The Unfair Competition Prevention Act (“Act”) was revised in 2018, and came into effect on 1st of July, 2019. The revised Act is said to be the first law in the world which tries to protect “big data” itself.
Background of the Revision
Data is becoming more and more valuable under The Forth Industrial Revolution. New value will be created by utilizing and combining various kinds of data, and thus it is required and desirable for the new innovation that data is provided and shared widely.
On the other hand, even though data is acquired and utilized without authorization, the protection of data was not sufficient under previous Japanese laws.
If the data is a kind of technical or business information useful for business activities that are kept secret and that are not publicly known, it is protected as “trade secret” under the Act. But confidentiality is strictly required, which is not the case for big data which should be provided and shared for innovation.
If the data is a kind of creative information, it can be protected by the Patent Act or the Copyright Act, but such case is quite limited.
So the data that is valuable but not publicly disclosed and not totally kept secret, could not be protected by existing IP rights. That means that only damage claim based on general tort is available, but no claim for injunction against wrongful acquisition etc. of such valuable data.
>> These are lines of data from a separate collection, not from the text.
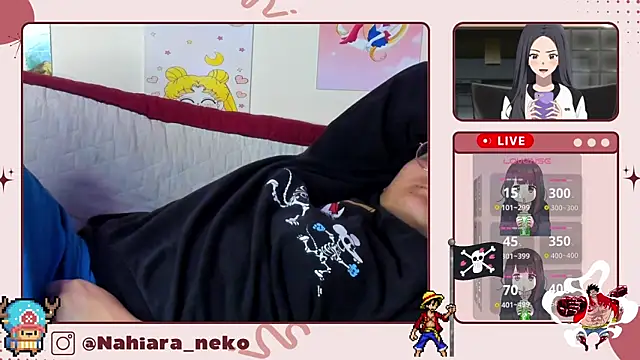 Snapshot of lucky-leah chatting on 01-23-25, 10:32 lucky-leah online show from 01-23-25, 10:32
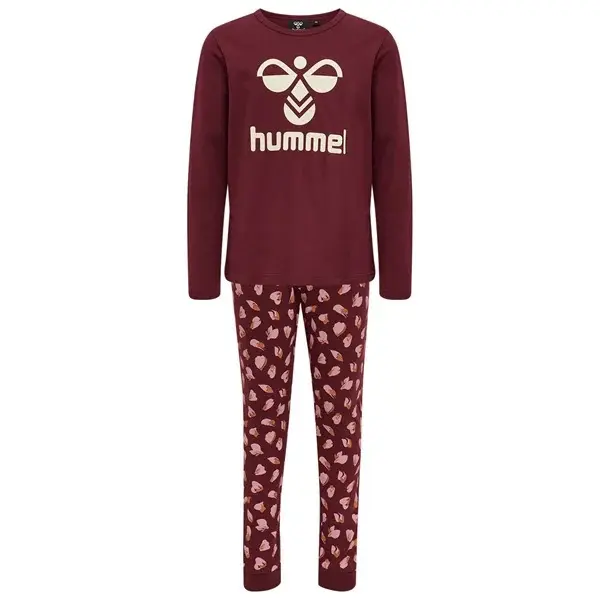 Pyjama fille Hummel Carolina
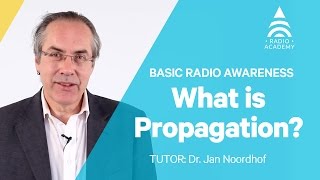 13 What is Propagation  Basic Radio Awareness  Tait Radio Academy [upl. by Emsoc]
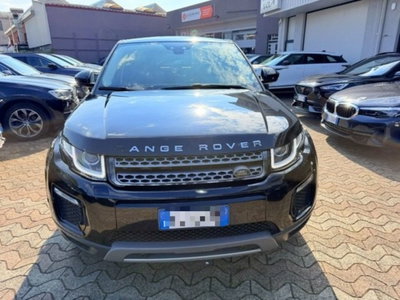 Land Rover Range Rover Evoque 2.0 TD4 150 CV 5p. HSE (2)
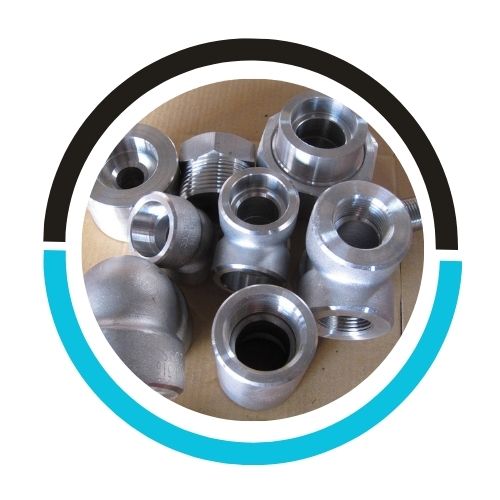 Duplex Steel Open Die Forging in UAE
Therefore, the Act has just been revised to provide new protection for such data. As described below, the level of the protection of “protected data” is actually lower than that that of “trade secret” considering the importance of smooth data distribution and utilization for innovation under The Forth Industrial Revolution.
Revised Unfair Competition Prevention Act defines “protected data” in Article 2 (7) as follows;
The term “protected data” as used in this Act means technical or business information that is accumulated in a reasonable amount by electronic or magnetic means (meaning an electronic form, magnetic form, or any other form that is impossible to perceive through the human senses alone; the same applies in the following paragraph) as information provided to specified persons on a regular basis and that is managed (excluding information that is kept secret).
To understand what kind of data can be the “protected data” under the Act, “Guidelines on Protected Data” (“Guidelines”) is provided.
According the Guidelines, protected data has to be
1) “provided to specified persons on a regular basis” which assumes big data and similar data that is widely provided to third parties through a transaction or other operation;
2) “accumulated in a reasonable amount” whose amount is to be determined according to the nature of the specific data; and
3) “managed by electronic or magnetic means” which means it is necessary that the intention of the owner of any data to control the data as something to be provided exclusively to specified persons is shown by the methods such as authentication technology or leased line.
Protected data is “excluding information that is kept secret” in order to distinguish “trade secrets” from “protected data.”
Any information that has been made available to the public without compensation (open data) is excluded from application.
Acts of Unfair Competition
There are three categories for the acts of unfair competition concerning “acquisition”, “use” and “disclosure” of “protected data”;
1) Category of unauthorized acquisition,
2) Category of significant violations of the principle of good faith, and
3) Category of subsequent acquisition.
The category of unauthorized acquisition regulates acts as that of acquiring protected data by malicious means (theft, fraud, duress, or other wrongful means”).
Among the category of significant violations of the principle of good faith, only the acts which satisfy the following requirements will fall under “unfair competition” concerning protected data; (i) for the purpose of wrongful gain or causing damage to the protected data owner, and (ii) actions taken in breach of the duties regarding the management of the protected data.
And in the last category, if subsequent acquirer is in bad faith (not including “gross negligence”) at the time of acquisition, acquisition, use and disclosure are regarded as “unfair competition.” On the other hand, if subsequent acquirer is in good faith at the time of acquisition, only the actions done by a subsequent acquirer who entered into bad faith after acquiring the data are regarded as “unfair competition.”
In all categories, the unfair competition acts are more limited than those concerning “trade secrets,” in order to ensure a good balance in protection between the protected data owner and users thereof.
Remedies against Unfair Competition
Further, the remedies against the unfair competition against the “protected data” are limited to the civil ones such as damages and injunction, although the remedies against the unfair competition against the “trade secrets” may also include the criminal ones.